BEGIN RAW DATA

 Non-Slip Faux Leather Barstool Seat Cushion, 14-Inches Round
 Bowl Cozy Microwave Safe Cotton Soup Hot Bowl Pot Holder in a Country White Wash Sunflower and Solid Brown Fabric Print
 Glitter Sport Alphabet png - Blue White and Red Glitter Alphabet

END RAW DATA
BEGIN RAW DATA

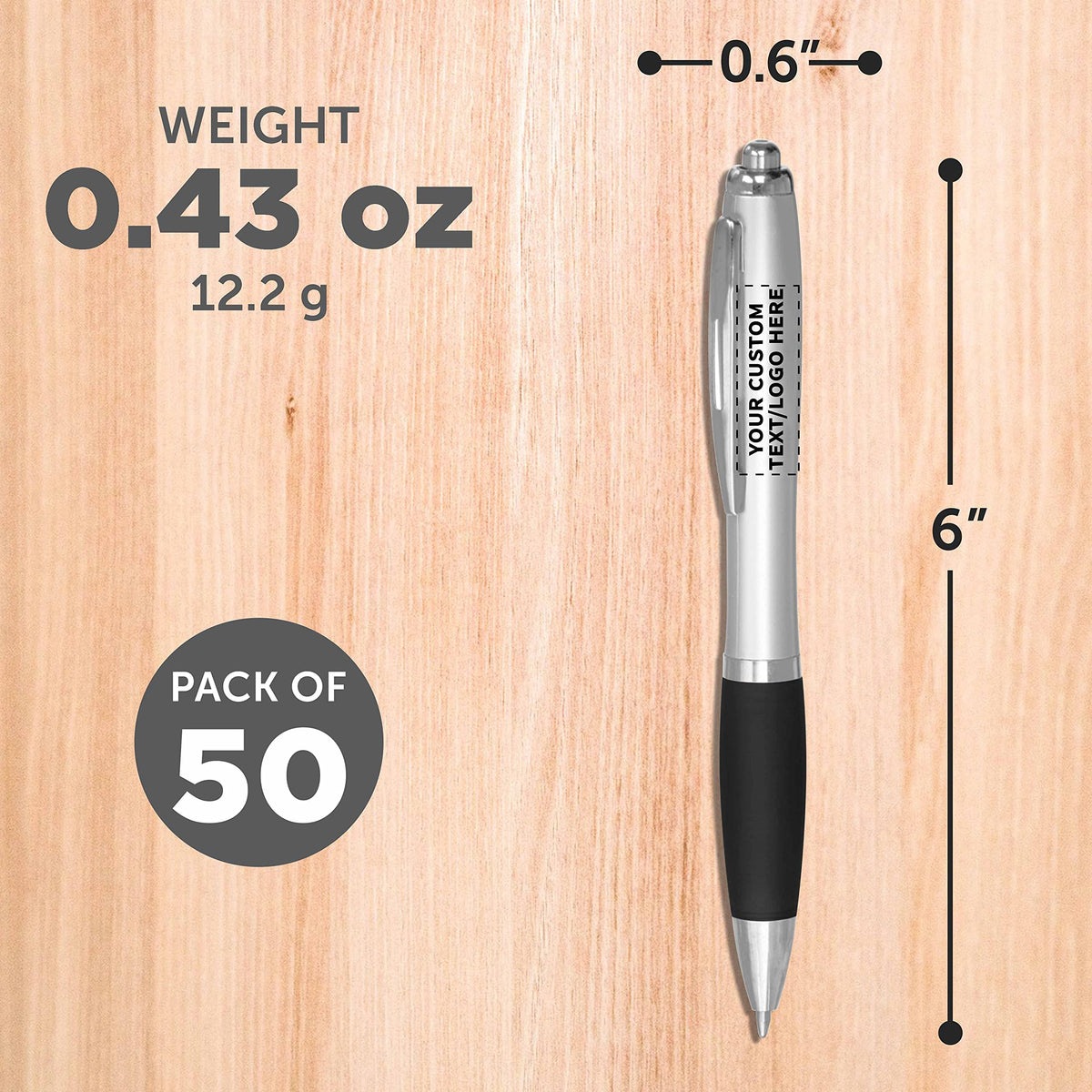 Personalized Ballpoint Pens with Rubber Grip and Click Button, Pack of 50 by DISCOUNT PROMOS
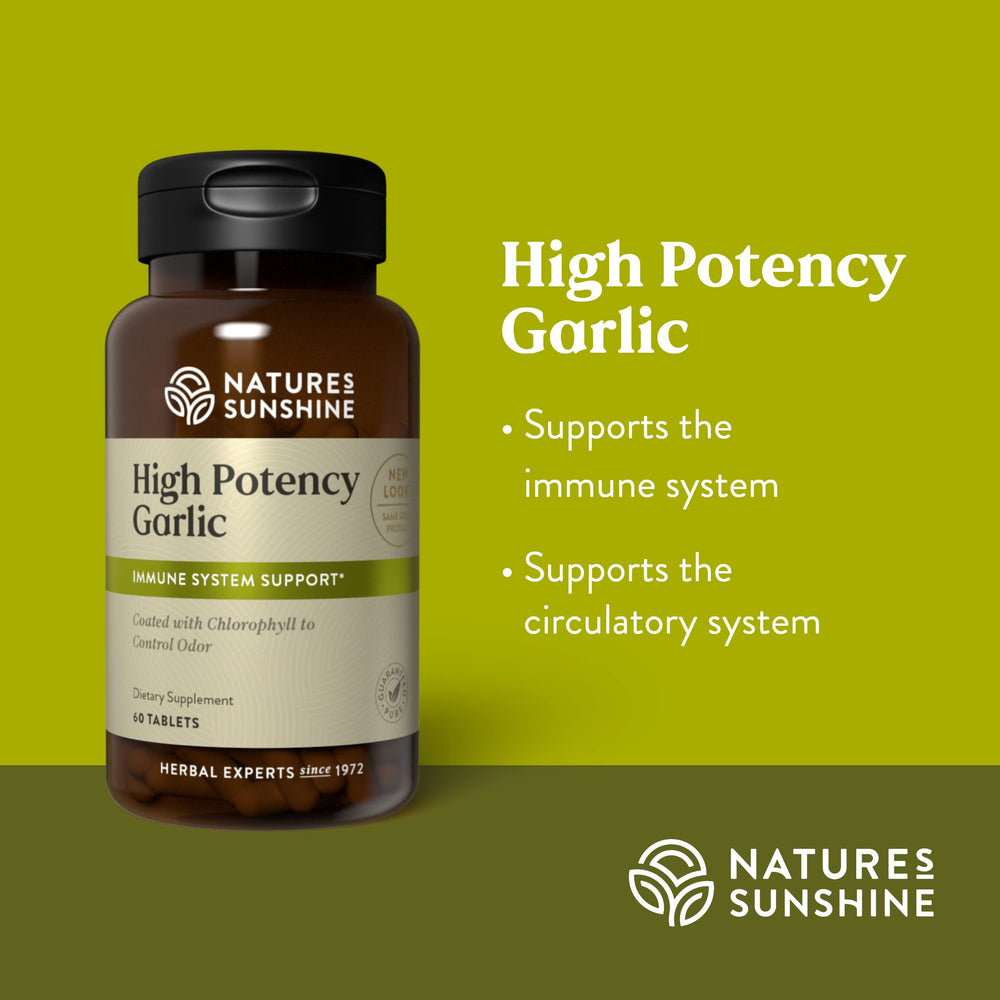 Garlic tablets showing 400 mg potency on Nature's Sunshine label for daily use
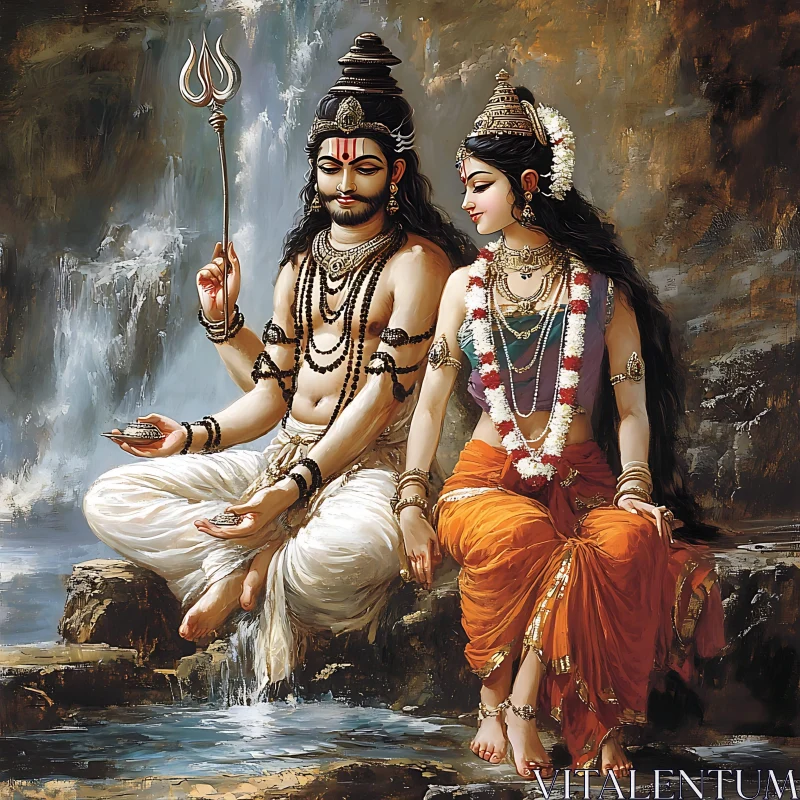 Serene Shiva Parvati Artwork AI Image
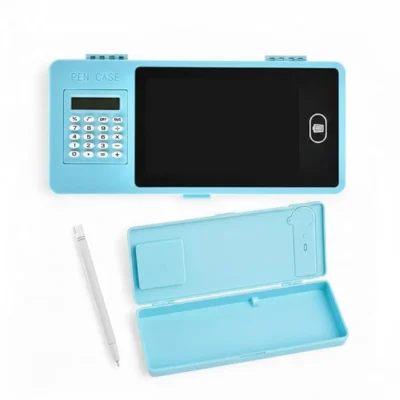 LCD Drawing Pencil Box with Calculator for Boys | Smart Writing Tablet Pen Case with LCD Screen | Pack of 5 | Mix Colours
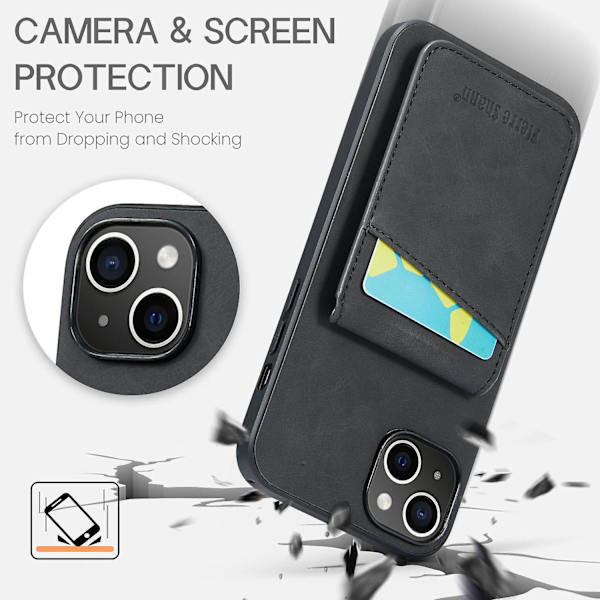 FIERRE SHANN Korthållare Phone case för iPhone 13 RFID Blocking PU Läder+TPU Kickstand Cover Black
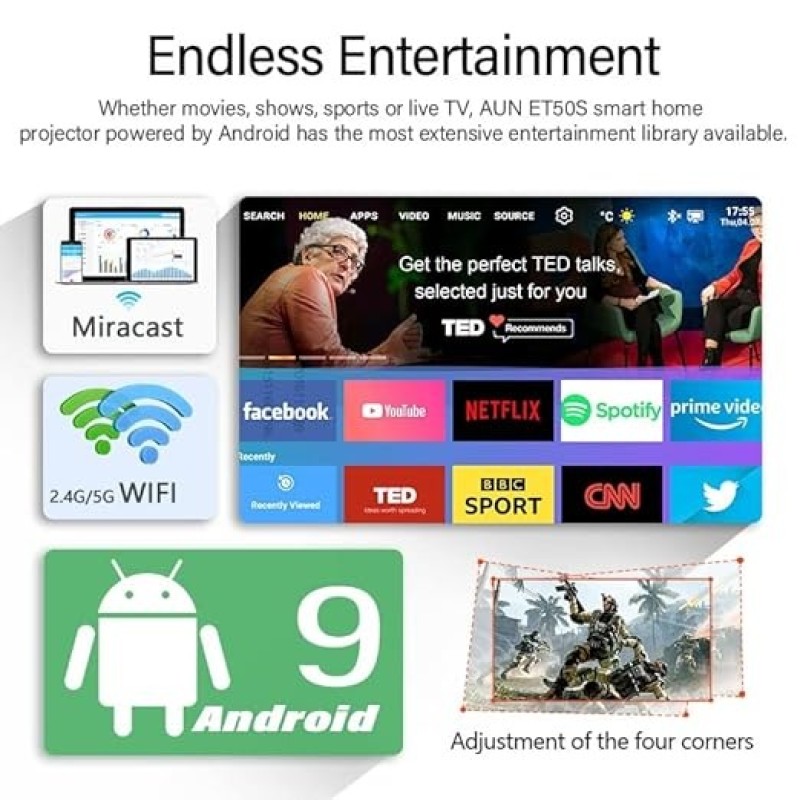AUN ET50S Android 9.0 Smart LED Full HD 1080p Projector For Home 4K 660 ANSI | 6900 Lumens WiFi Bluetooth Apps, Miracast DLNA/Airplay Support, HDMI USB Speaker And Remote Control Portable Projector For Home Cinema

END RAW DATA

TASK ITEM: Within the material above, copy exactly the lines from the line that holds "Bowl Cozy Microwave" up to and including the line that holds "Glitter Sport Alphabet".

FINISHED EXERCISE:
 Bowl Cozy Microwave Safe Cotton Soup Hot Bowl Pot Holder in a Country White Wash Sunflower and Solid Brown Fabric Print
 Glitter Sport Alphabet png - Blue White and Red Glitter Alphabet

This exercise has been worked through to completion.